* _Task goal_
Could you repeat all of the entries below word for word, apart from the pictures?

[Web page caption snippets]
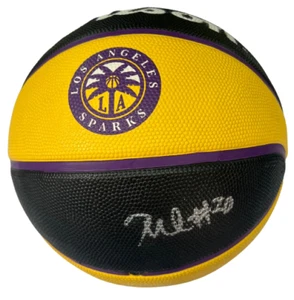 NNEKA OGWUMIKE firmado (CHISPAS DE LOS ÁNGELES) WNBA LOGOTIPO F/S PSA/ADN AN10437 - Imagen 1 de 2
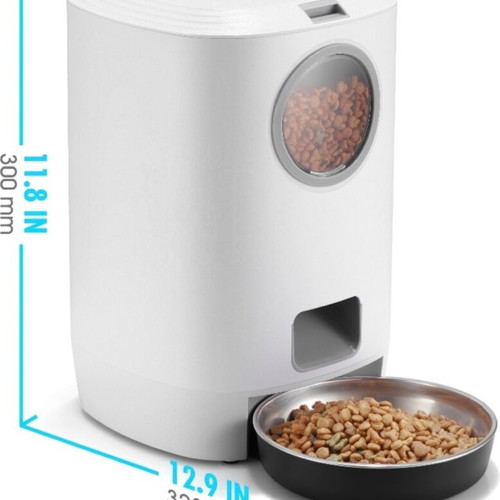 Automatic pet feeder with programmable feeding schedules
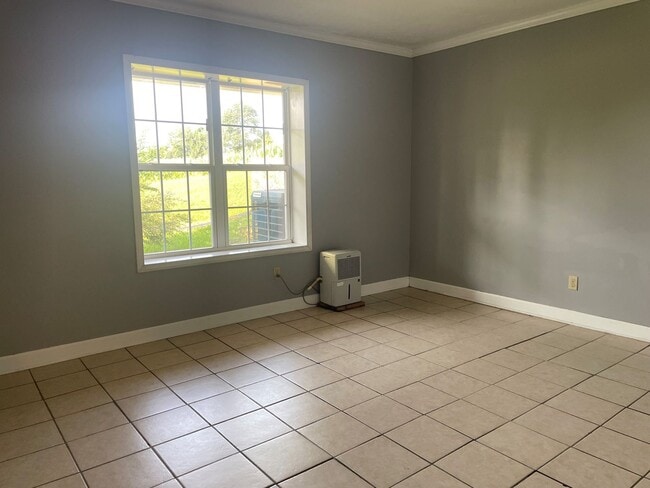 Building Photo - 3 BD 2 BA BRICK HOUSE!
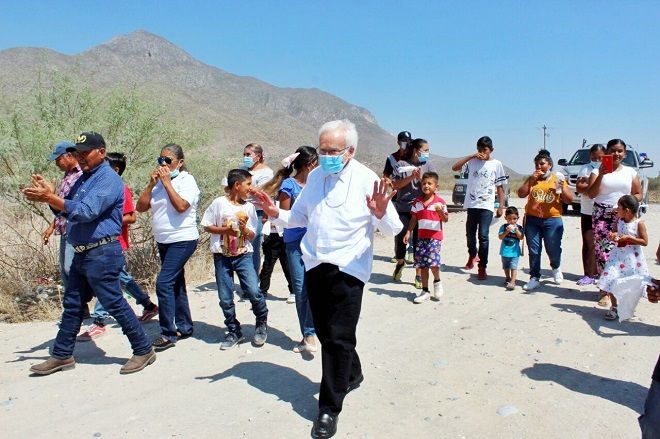 RAUL VERA OBISPO EMERITO SALTILLO EN LA LAGUNA CAMPAMENTO CONTRA CHEMOURS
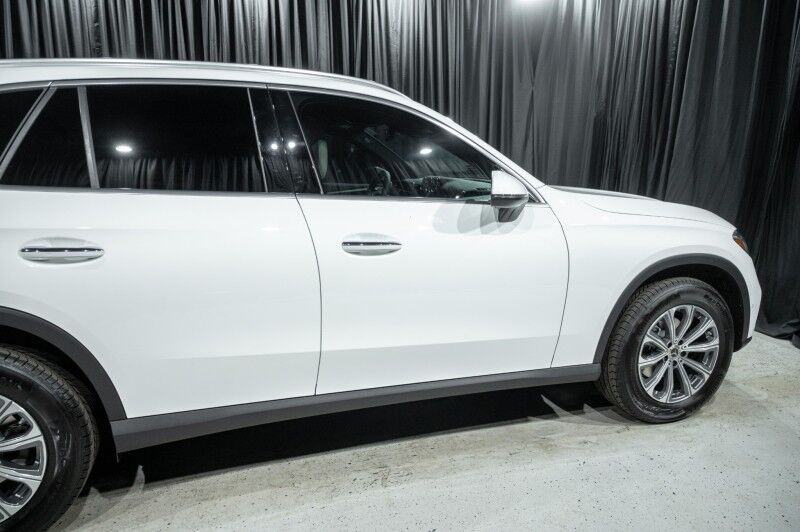 2025 Mercedes Benz GLC 300 photo 4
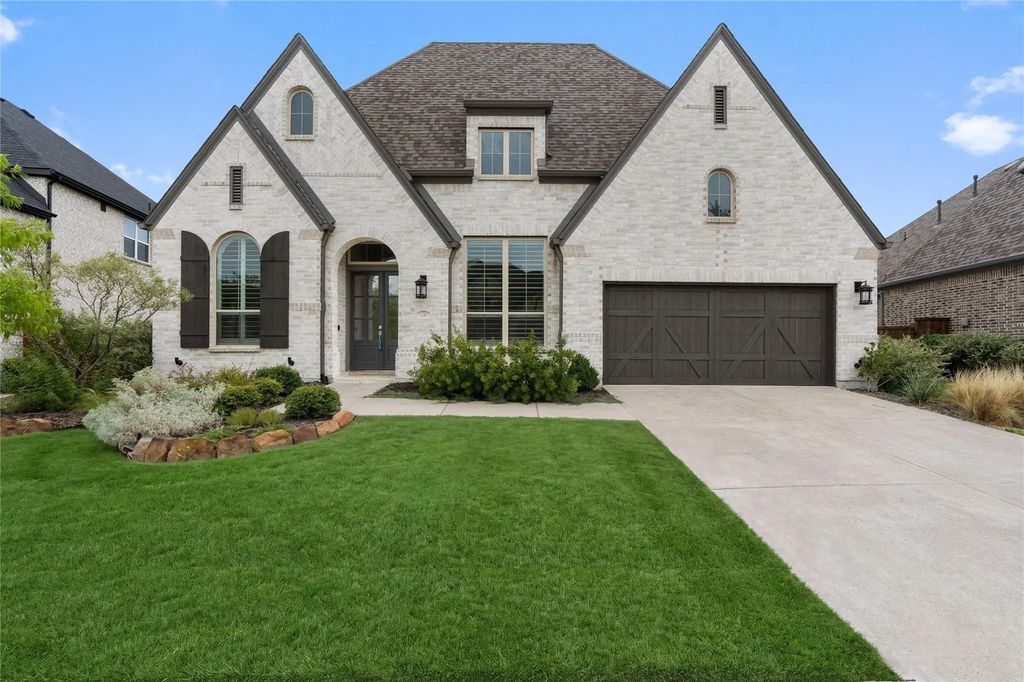 1701 Deerwood Lane, Prosper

* _Your solution_
 NNEKA OGWUMIKE firmado (CHISPAS DE LOS ÁNGELES) WNBA LOGOTIPO F/S PSA/ADN AN10437 - Imagen 1 de 2
 Automatic pet feeder with programmable feeding schedules
 Building Photo - 3 BD 2 BA BRICK HOUSE!
 RAUL VERA OBISPO EMERITO SALTILLO EN LA LAGUNA CAMPAMENTO CONTRA CHEMOURS
 2025 Mercedes Benz GLC 300 photo 4
 1701 Deerwood Lane, Prosper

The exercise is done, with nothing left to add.